Once in a while we're all allowed to get a little goofy, when we're building things. Of course, some folks, like old Big Daddy Roth, raised goofy to a higher art form. Maybe that's who I was thinking of when I finally solved my emergency brake handle delimma.

That damn emergency brake had been dancing around the edges of my mind for a long time as I designed different types of conventional handles. In fact, I actually built one that was a tube-within-a-tube with a spring and tooth running over a crude little ratchet gate. Then I noticed my old 1/2" drive ratchet handle laying in my scrap box.

This particular handle was my very first ratchet handle. In fact, it was the one my dad gave me when I was building the car the first time. I was probably 16 years old.

In recent years the old handle (made by Crescent) had gotten a little notchy and hard to work with and I eventually ignored it since probably a half dozen other ratchet handles of different makes and models (no Snap-Ons for us poor folk, though) had wandered into my life. That night, however, I reached down and realized how much heft it had and I instantly invisioned it acting as a ratcheting brake handle.

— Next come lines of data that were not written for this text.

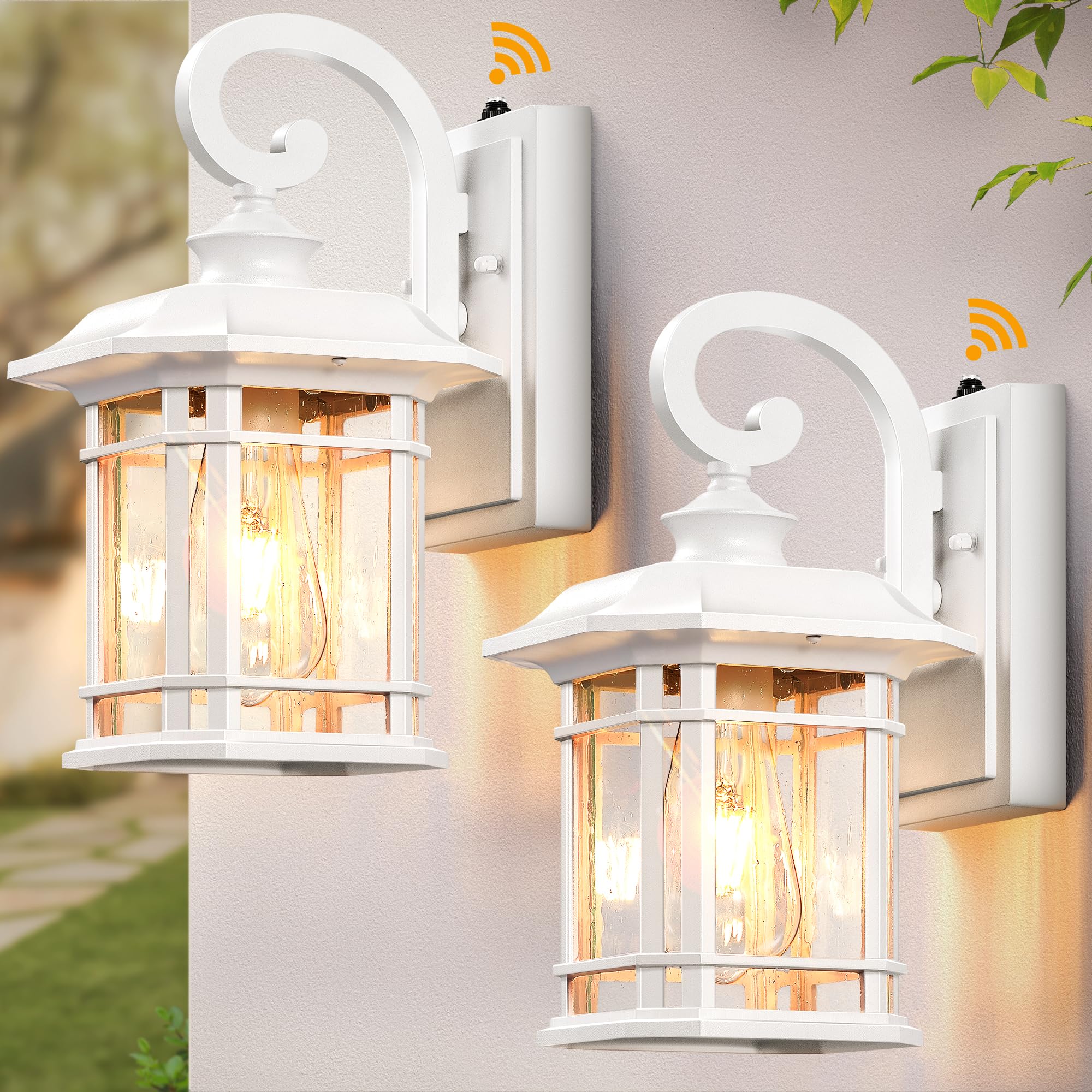Vianis White Exterior Lighting Fixtures  2 Pack Porch Lights Outdoor  Outdoor Wall Lights Dusk To Dawn  Anti-Rust Outdoor Lighting For House  Porch  Garden  Doorway  Seed Tempered Glass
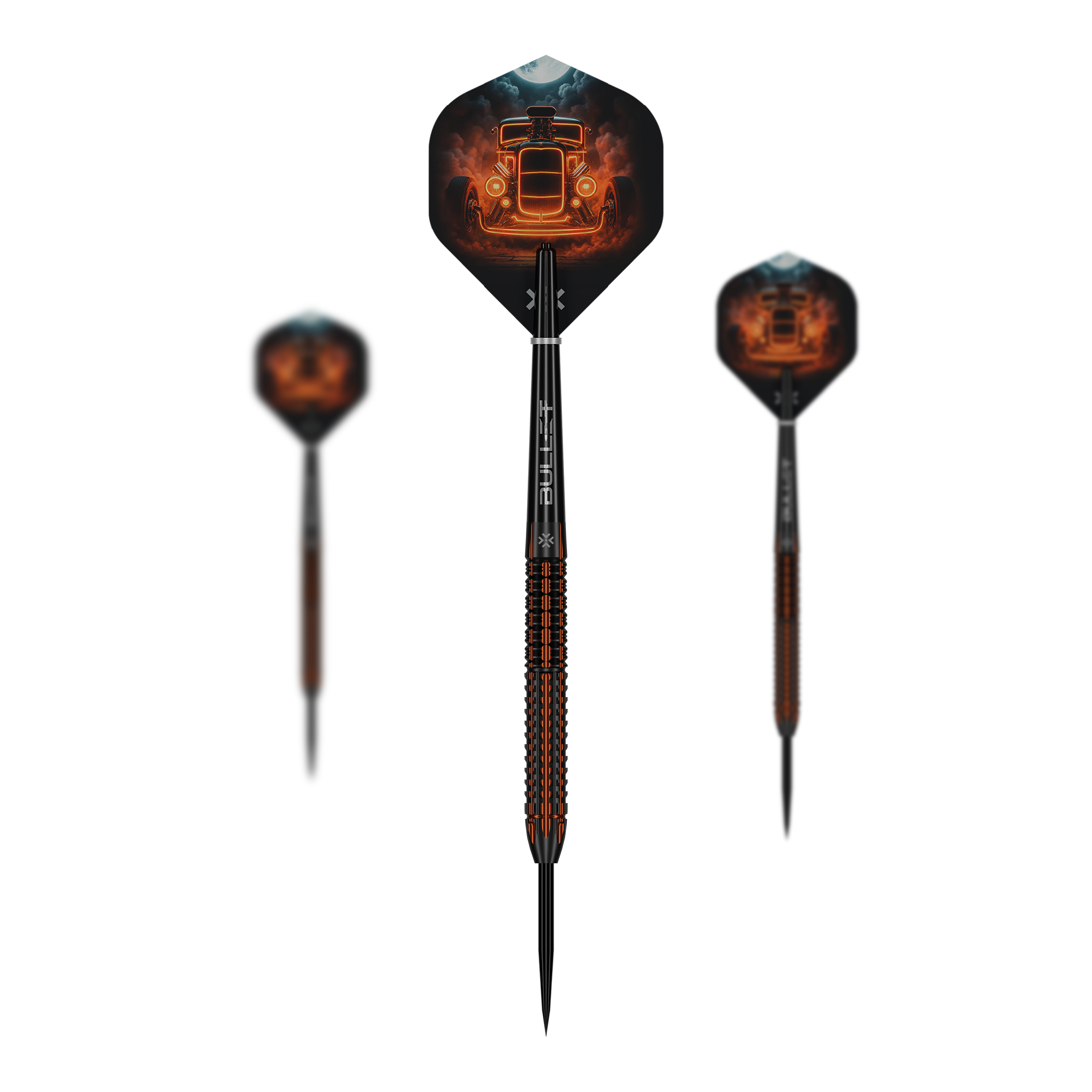 Ocelové šipky Bullet Hotrod Auf dem Bild sind Bullet Hotrod Steeldarts zu sehen. Die Steeldarts wurden für Präzision und Leistung im Dartspiel entwickelt.
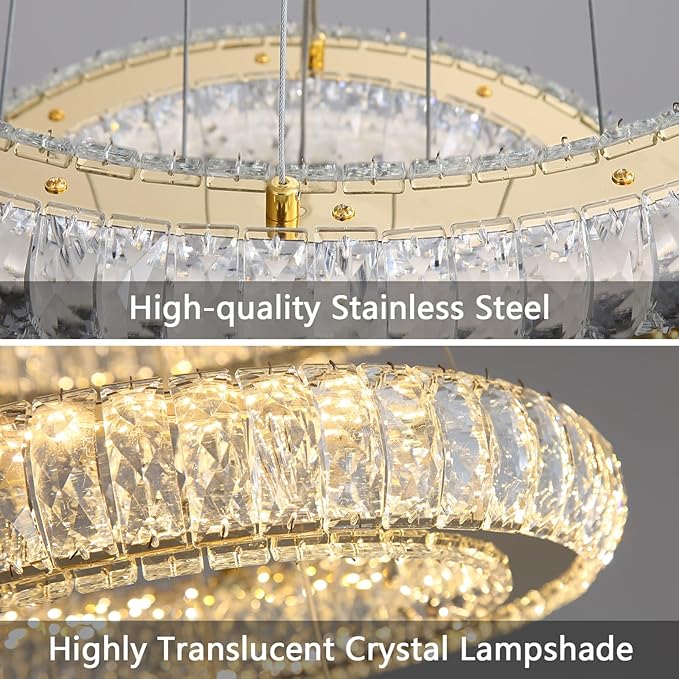 3 Rings Chandelier Modern Dimmable High Ceiling Large Ring Chanderliers Entryway Crystal Pendant Lights for Entryway Foyer Living Room Gold Light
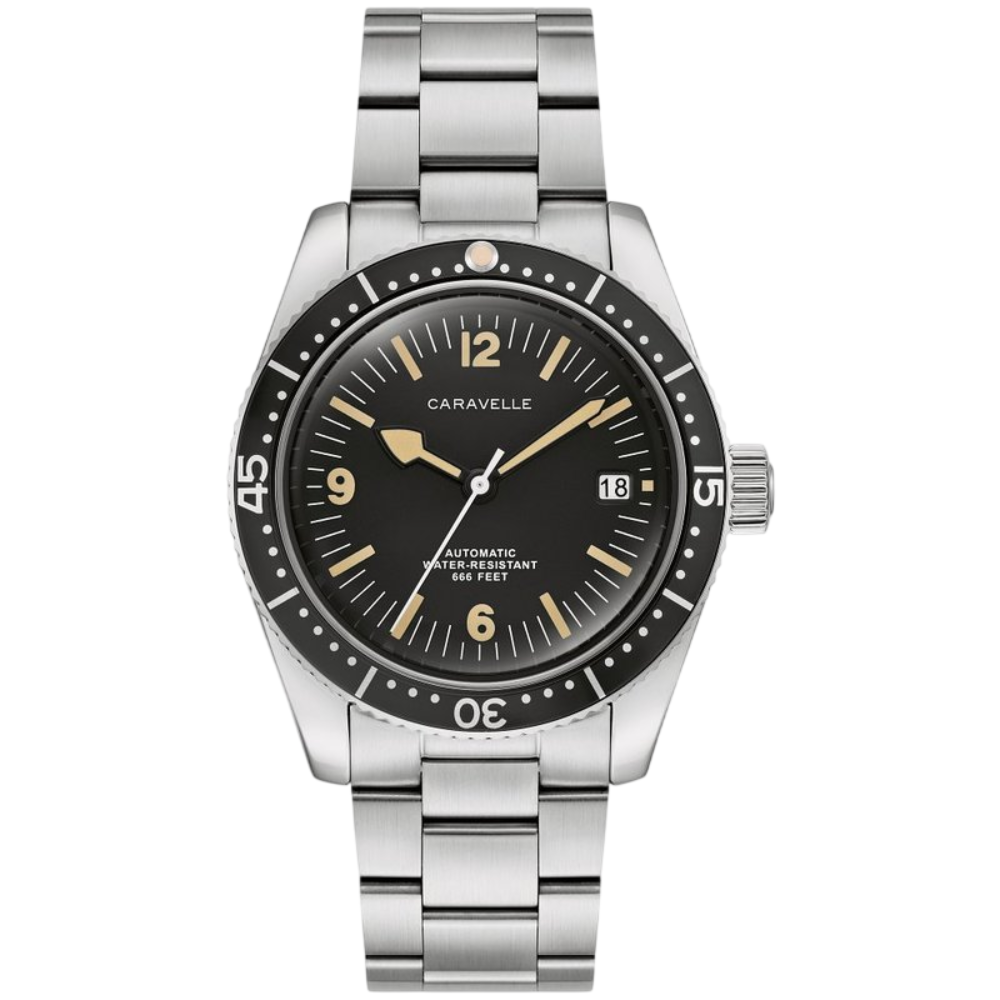 Caravelle Sea Hunter Automatic Stainless Steel with Black Dial | 43B175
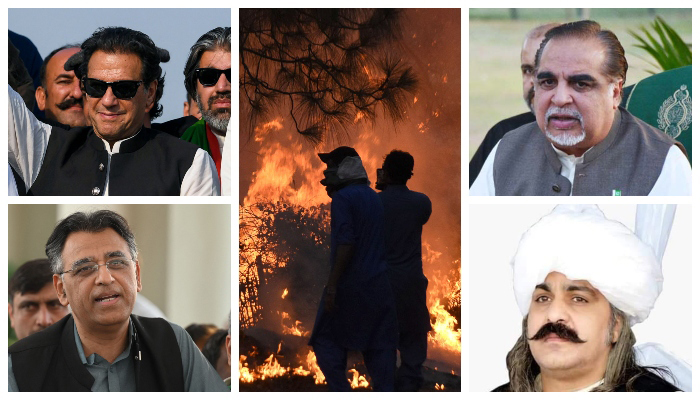 Ousted prime minister and PTI Chairman Imran Khan (top left), ex-federal minister for planning Asad Umar (bottom left), former governor Sindh Imran Ismail (top right), ex-minister for Kashmir and GB affairs (bottom right), and view of a tree burning that PTI workers set ablaze during their protest at Jinnah Avenue near D-Chowk in Islamabad. (centre). — AFP/NA/APP/Online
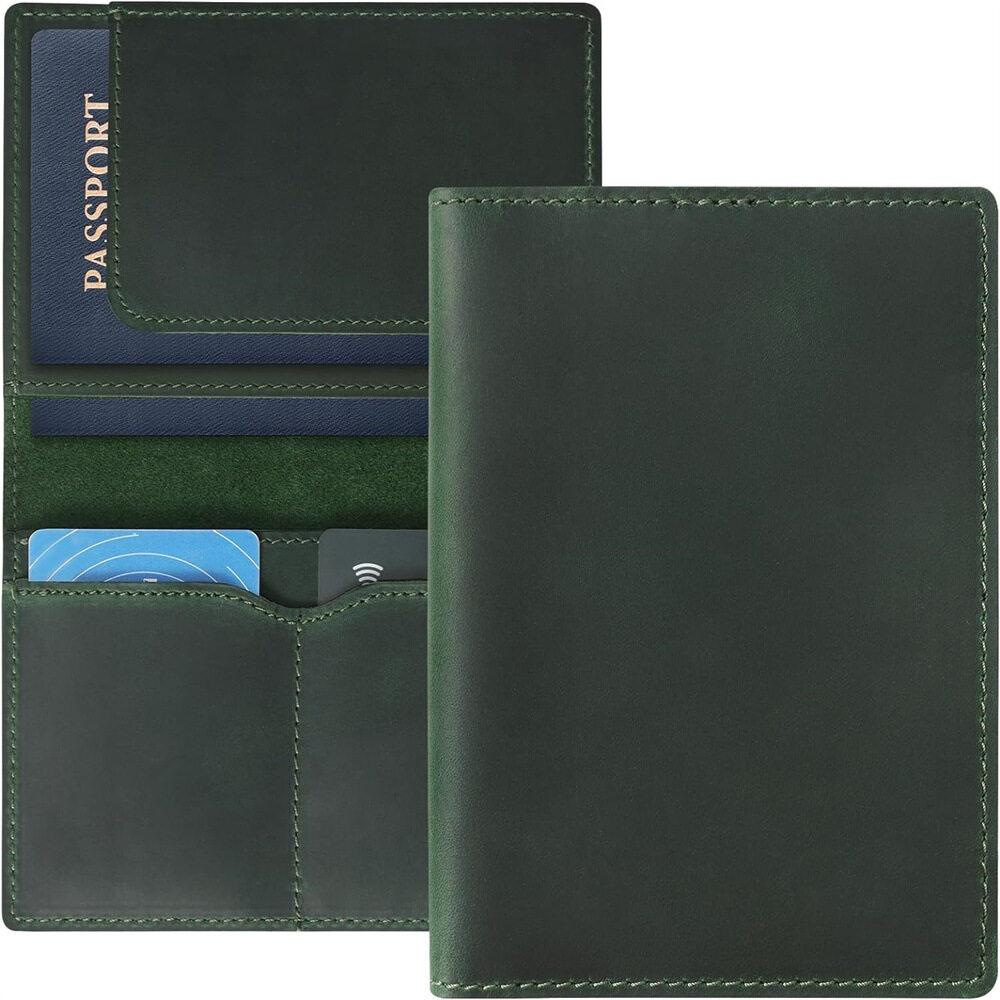 Durable Cowhide Retro Boarding Pass Passport Cover Handmade Crazy Horse Real Leather Card Holder Registration Ticket Organizer Travel Wallet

I'd like to say I had the thing all worked out so I could just pop the old handle in there and have a functioning brake,but, truth is, I came up with four or more possibilities, but none worked better than this one did. The sequence to use is;

1-Use a socket as the mounting ferrule (I finally found a good use for a 22 mm metric socket—where DID I get a metric socket? I sure as hell didn't buy it.)

2-Make a lever arm and weld to the ratchet head to attach the emergency cable brake to.

3-weld an extension to the rotation/ratcheting part of the handle to make it easier to change direction.

While I was welding around on that handle, I was constantly aware of the heat going into the mechanism and was worried it would warp and wouldn't work. When I was all finished, however, I couldn't find any place that the ratchet system wasn't improved in terms of the wa it worked. Of course, taking it apart after 40 years of use and cleaning it probably helped too.

An overall view of the old handle with the lever fittings in place

To hold the handle on the mount, I drilled a 5/16" hole in the shaft of the handle and welded a bolt with the head cut off in place. Then I filed everything back square again. I'll use a fender washer and a chrome acorn nut from Ace Hardware to retain it so it looks finished because it will be visible in the cockpit.

I would have threaded the hole and run the bolt the other direction, which would have been a cleaner installation, but I couldn't find a drill bit the right size for a 5/16" tap. Besides, I was in too much of a hurry to get this thing done :-) FYI-the ratchet material isn't hard at all and would have tapped just fine.

Rather than putting a single arm on it, I did it like this so it would be much stiffer from side to side because the brake cable would be coming off of it at a slight angle. The wide ends are MIGged in place but the rounded end is edge welded with a good old fashion gas torch. Remember those?

I'm told this is a '37-'38 tail piece that someone bolted on my '39 box. It already had the two holes that mounted an emergency brake. The horizontal mark on the mount is the floor line, so the ratchet barely clears the floor. The socket was cut down using a cut-off wheel on my trusty Makita angle-head grinder. I ground a heavy bevel in the edges on the other side so. after I welded it, I could file/sand the surface flat which gave it a more finished appearance.

Incidentally, I had to bolt it to the inside of the trans mount to get clearance from the square tube floor structure of the body. As I am typing this, I just realized I'm going to have to notch that tubing anyway to clear the arm of the lever. Shit!

I added this little butter knife-shaped handle (made out of scrap steel) to the switching part of the ratchet which made everything work much more smoothly.

You gotta love it when something goofy actually works. I like to think of this as whimsical nostalgia. The handle will lay against the floor when not in use.